[Input data]
══════════

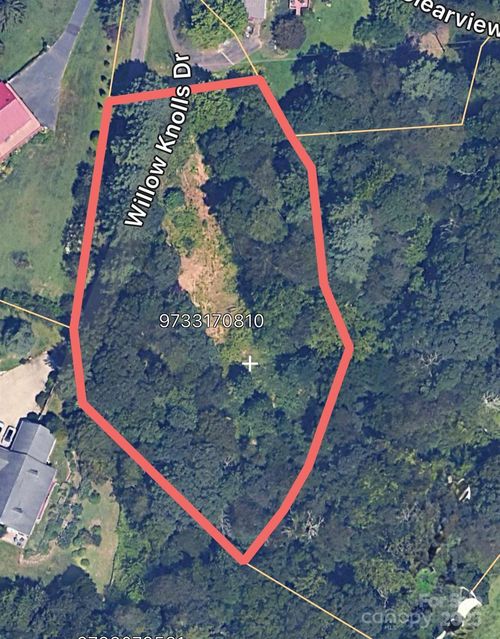 12 Willow Knolls Dr, Weaverville, NC, 28787-5524 | Card Image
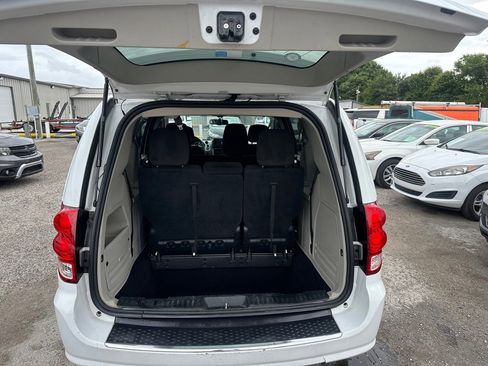 Used 2017 Dodge Grand Caravan SE w/ UConnect Hands-Free Group FWD image 19
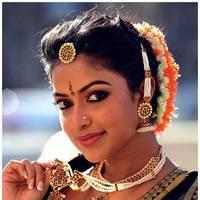 Amala Paul Latest Cute Images from Iddarammayilatho Movie | Picture 507508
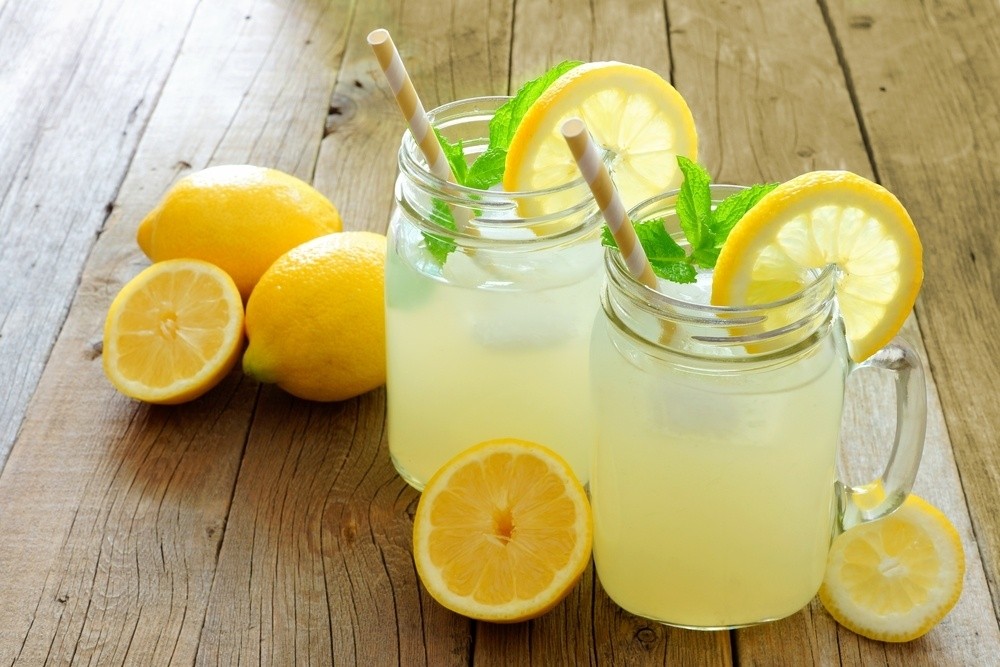 100% Real Lemonade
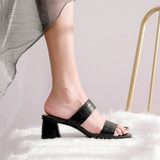 Women Crocodile Pattern Square Toe Retro Slippers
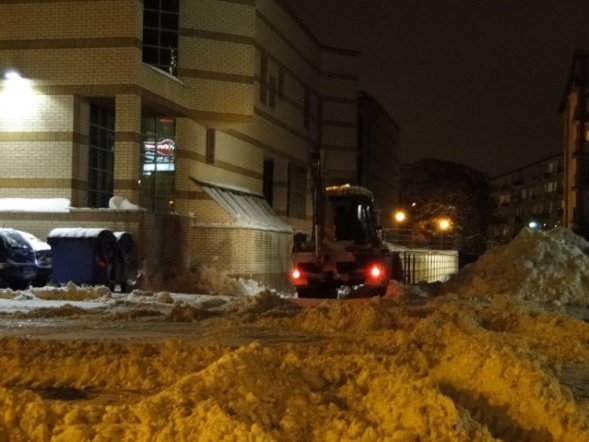 Akcja odśnieżania miasta (11.01.10) - zdjęcie #16 - eOstroleka.pl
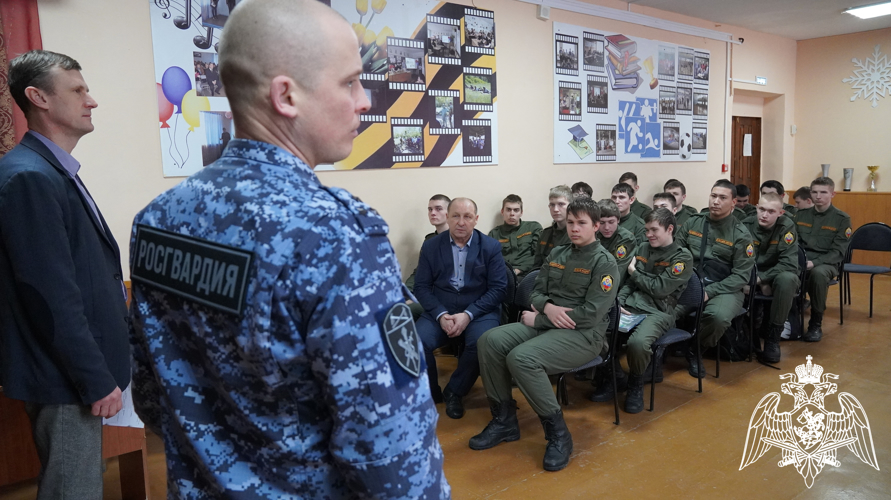 В Саратове офицер Росгвардии провел урок мужества для воспитанников «Гвардейской смены»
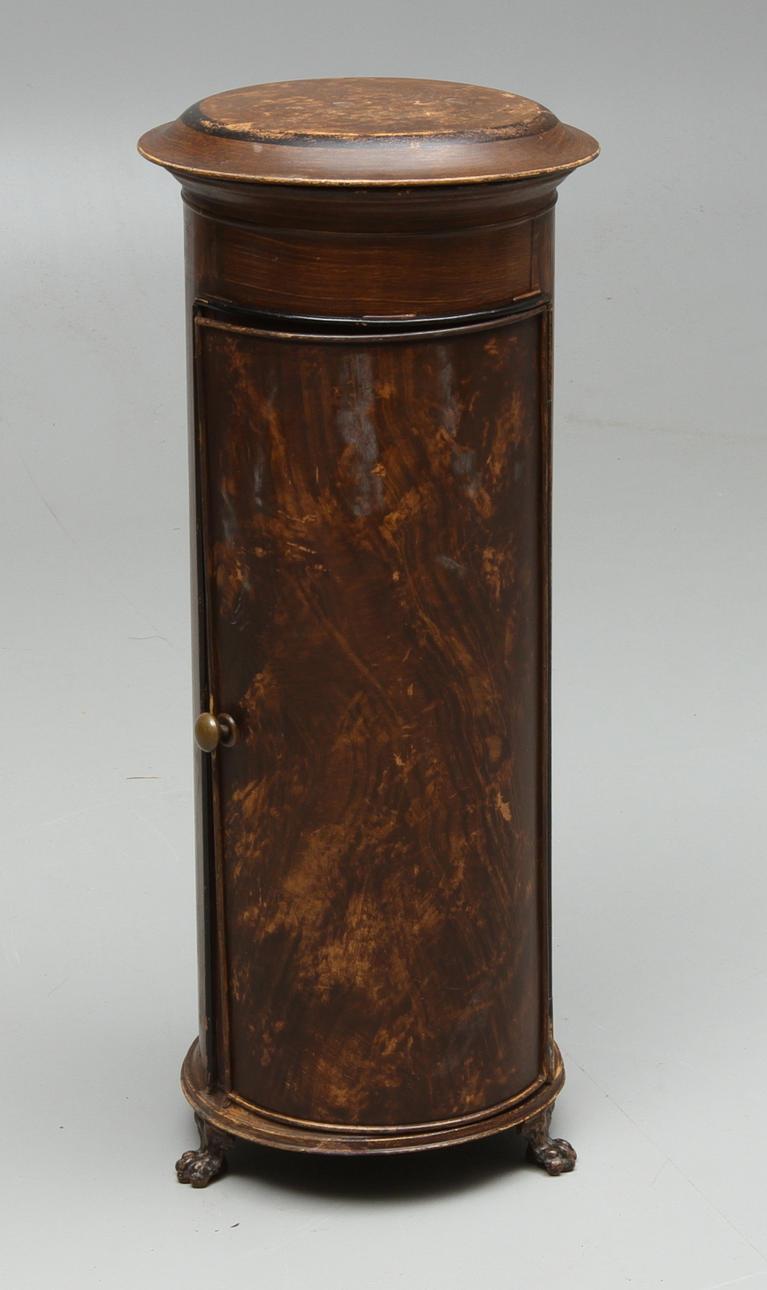 KOMMOD, plåt, omkring 1900.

══════════

[Aim of the task]
Could each line of the data be written out exactly, with no pictures included?

[Task output]
 12 Willow Knolls Dr, Weaverville, NC, 28787-5524 | Card Image
 Used 2017 Dodge Grand Caravan SE w/ UConnect Hands-Free Group FWD image 19
 Amala Paul Latest Cute Images from Iddarammayilatho Movie | Picture 507508
 100% Real Lemonade
 Women Crocodile Pattern Square Toe Retro Slippers
 Akcja odśnieżania miasta (11.01.10) - zdjęcie #16 - eOstroleka.pl
 В Саратове офицер Росгвардии провел урок мужества для воспитанников «Гвардейской смены»
 KOMMOD, plåt, omkring 1900.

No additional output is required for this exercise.